Ils oscillent entre pessimisme lié au contexte et optimisme concernant leurs actions car ils tentent d’appliquer cette notion d’ingouvernabilité au quotidien. « C’est primordial d’avoir conscience que c’est en agissant par nous-mêmes localement qu’on changera les choses, comme par exemple en nous réappropriant des espaces de vie et de réflexion au sein des écoles et universités », détaille Patichak (pseudo), 19 ans, également étudiant en science politique « mais qui refuse la condition d’étudiant ». « La majorité d’entre nous est abstentionniste mais certains vont voter pour des questions de stratégie, pour éviter le FN, mais sans réelle foi en la politique », précise Jean-Michel. Lorsqu’elle a eu 18 ans l’année dernière, Maé (pseudo) rêvait de voter, mais l’expérience du printemps 2016 lui a fait prendre conscience de la réalité du système. De son côté, Guy (pseudo), qui se définit comme un « étudiant précaire » n’a jamais voté, pas même en 2012 ; mais il reste persuadé qu’ils sont nés au bon moment pour agir : « Nous arrivons au bout d’un système et si on examine les messages des onze candidats, tous veulent contenir la catastrophe. Nous, on veut être l’après-catastrophe. »

L’abstention à tout âge

Pour Antoine Peillon, auteur du livre Voter, c’est abdiquer, ces positions sont _« le fait d’une génération et d’une époque aussi, car certains plus anciens, parfois des syndicalistes, se sont convertis à l’abstention. » « Dans l’histoire française, il y a déjà eu des formes organisées d’abstention mais tenant surtout de la vieille tradition libertaire, anarchiste, décrypte-t-il. Là, c’est un phénomène différent parce que ces mouvements embryonnaires ne se revendiquent pas de ces courants, on ne peut pas les mettre dans une case idéologique particulière. Les gens ne veulent plus être étiquetés, ce qui est une bonne nouvelle à mon avis, et ont un besoin d’émancipation montrant qu’on peut être dans un civisme fort et refuser d’être sous une bannière. »
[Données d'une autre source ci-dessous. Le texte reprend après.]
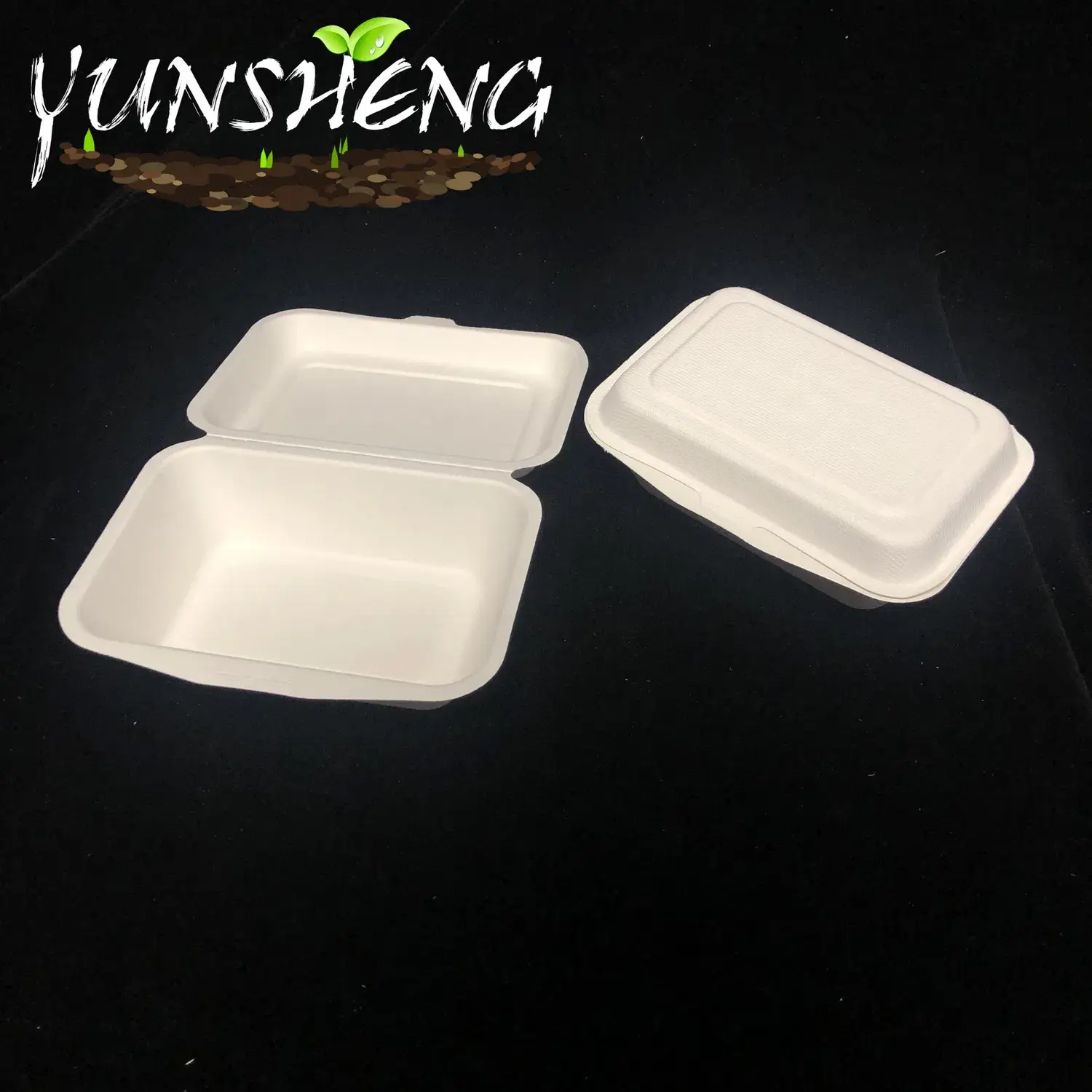 Hộp đựng cơm sinh học một lần từ tre hoặc bã mía, là lựa chọn hoàn hảo cho bữa tối và đồ ăn mang đi
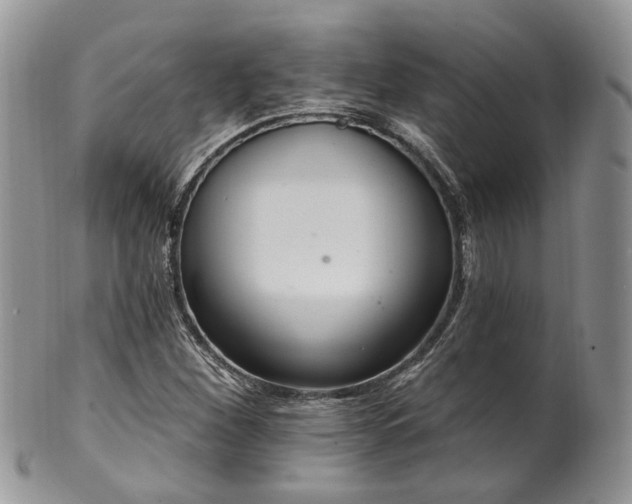 X0000100411260200806131028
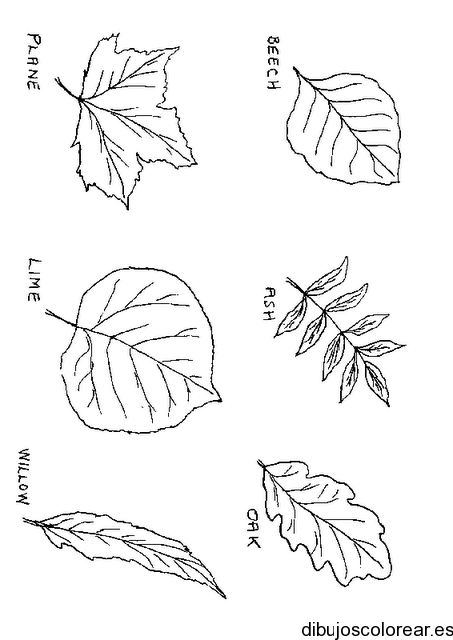 Dibujo de las clases de hojas
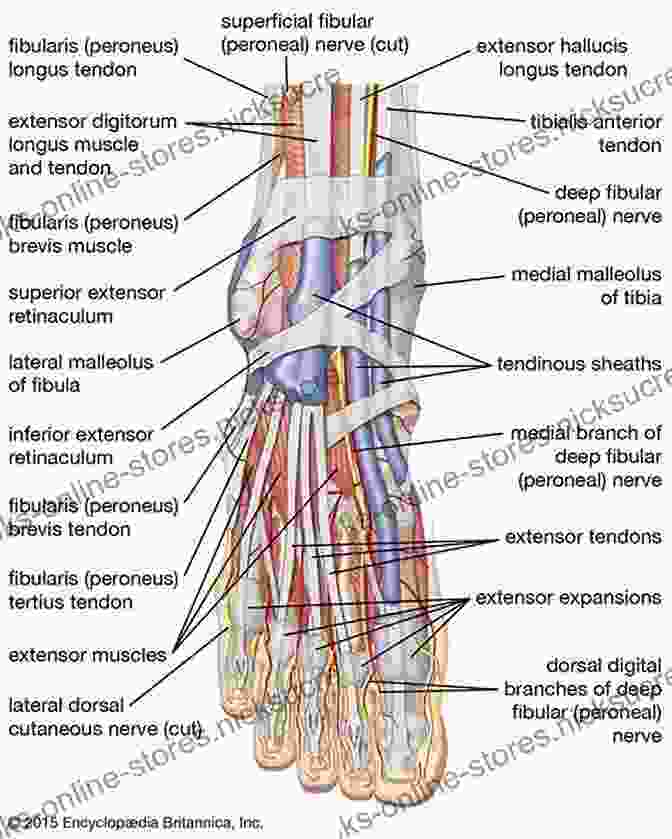 Detailed Diagram Of Male Foot Anatomy, Including Bones, Muscles, And Tendons. Draw 1 Foot In 20 Poses Male: Learn How To Draw For Anime Manga Characters And Boys Step By Step For Beginners Kids Teens Artists (Draw 1 In 20 16)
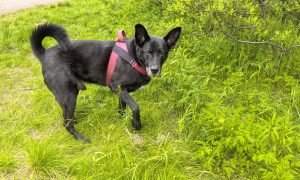 собака на газоне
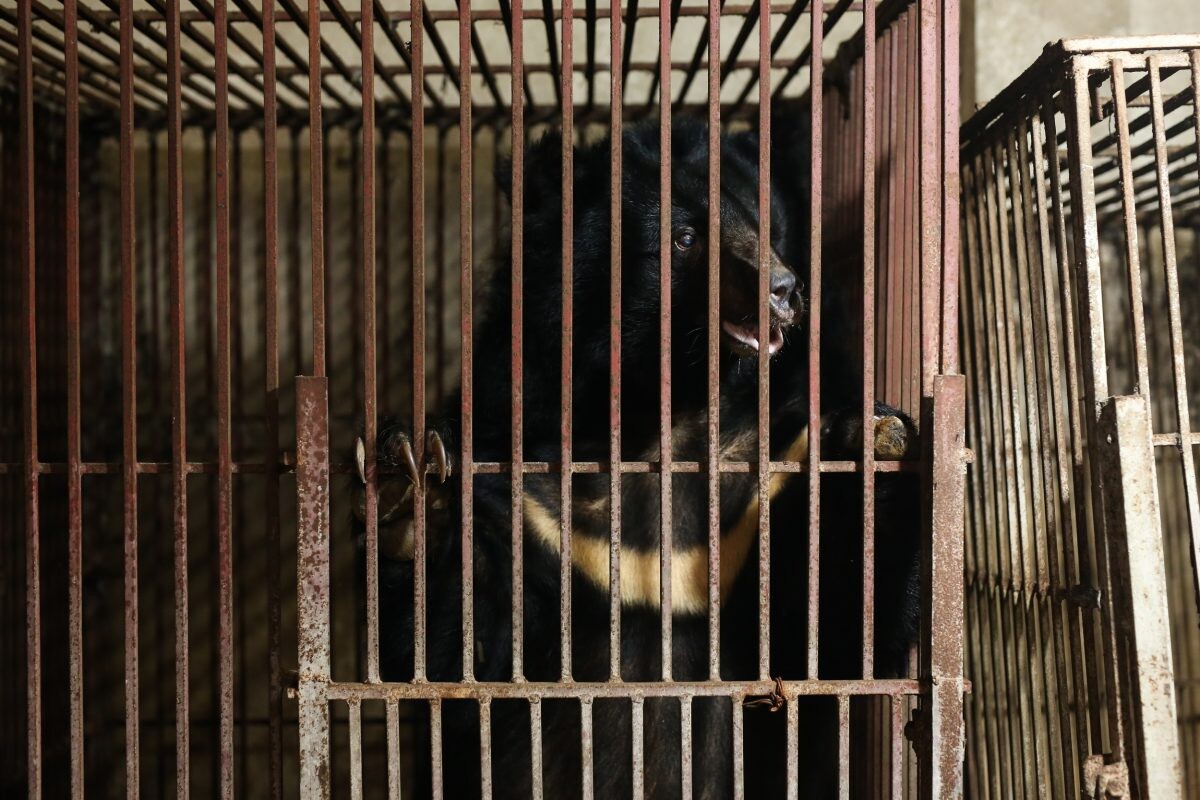 องค์กรพิทักษ์สัตว์แห่งโลกร่วมกับองค์กรภาคี	เครือข่าย ร่วมช่วยเหลือหมีสามตัวสุดท้ายจากเมือง Lang Son ประเทศเวียดนาม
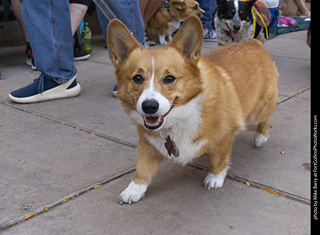 2024 Tour de Corgi - tour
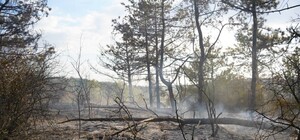 РФ обстреляла Одесский район: горели лес и сухая трава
Si ingouvernable fait plutôt consensus, le mot génération devrait plutôt s’écrire au pluriel. Certes, la mobilisation contre la loi travail a politisé de nombreux jeunes devenus abstentionnistes actifs, mais certains le sont depuis des dizaines d’années. Le groupe de réflexion Les déserteurs actifs a vraiment émergé il y a environ un an, mais le noyau dur se connaît depuis au moins quarante ans. _« Nous nous sommes croisés dans les années 1970, certains appartenaient à l’organisation Socialisme ou barbarie, d’autres venaient davantage du courant libertaire. Pour ma part, je suis tombé dedans en mai 68 à Nanterre », raconte Pierre, en buvant son café. Si ce retraité de l’enseignement ne s’est jamais retrouvé dans le célèbre slogan de Sartre « Élections, pièges à cons » à cause du mépris qu’il véhicule, il reste persuadé que seuls la lutte et le dialogue peuvent faire changer les choses.

Notre idée n’est pas assez forcément d’appeler à l’abstention mais d’y réfléchir, et délégitimer ce système représentatif en pleine déliquescence.

À 70 ans, Pierre n’a voté que deux fois : lors des élections municipales de 1977 parce que « dans un petit village, c’est important, et on peut toujours s’adresser directement au maire en cas de désaccord », et lors du référendum sur le traité de Maastricht en 1992. Aujourd’hui, le blog des Déserteurs actifs connait un certains succès, leurs textes sont publiés dans des médias comme Libération ou Mediapart, et organisent régulièrement des temps d’échanges, notamment avec des jeunes. _« Ils sont très politisés et nous posent beaucoup de questions à propos des référendums, du tirage au sort, d’une nouvelle constitution… Certains nous ont même demandé ce qu’on allait faire de notre dimanche ! », s’amuse-t-il. Cette année, Pierre sera sur scène avec son groupe de musique pour passer ce « pénible moment » qu’est l’élection présidentielle.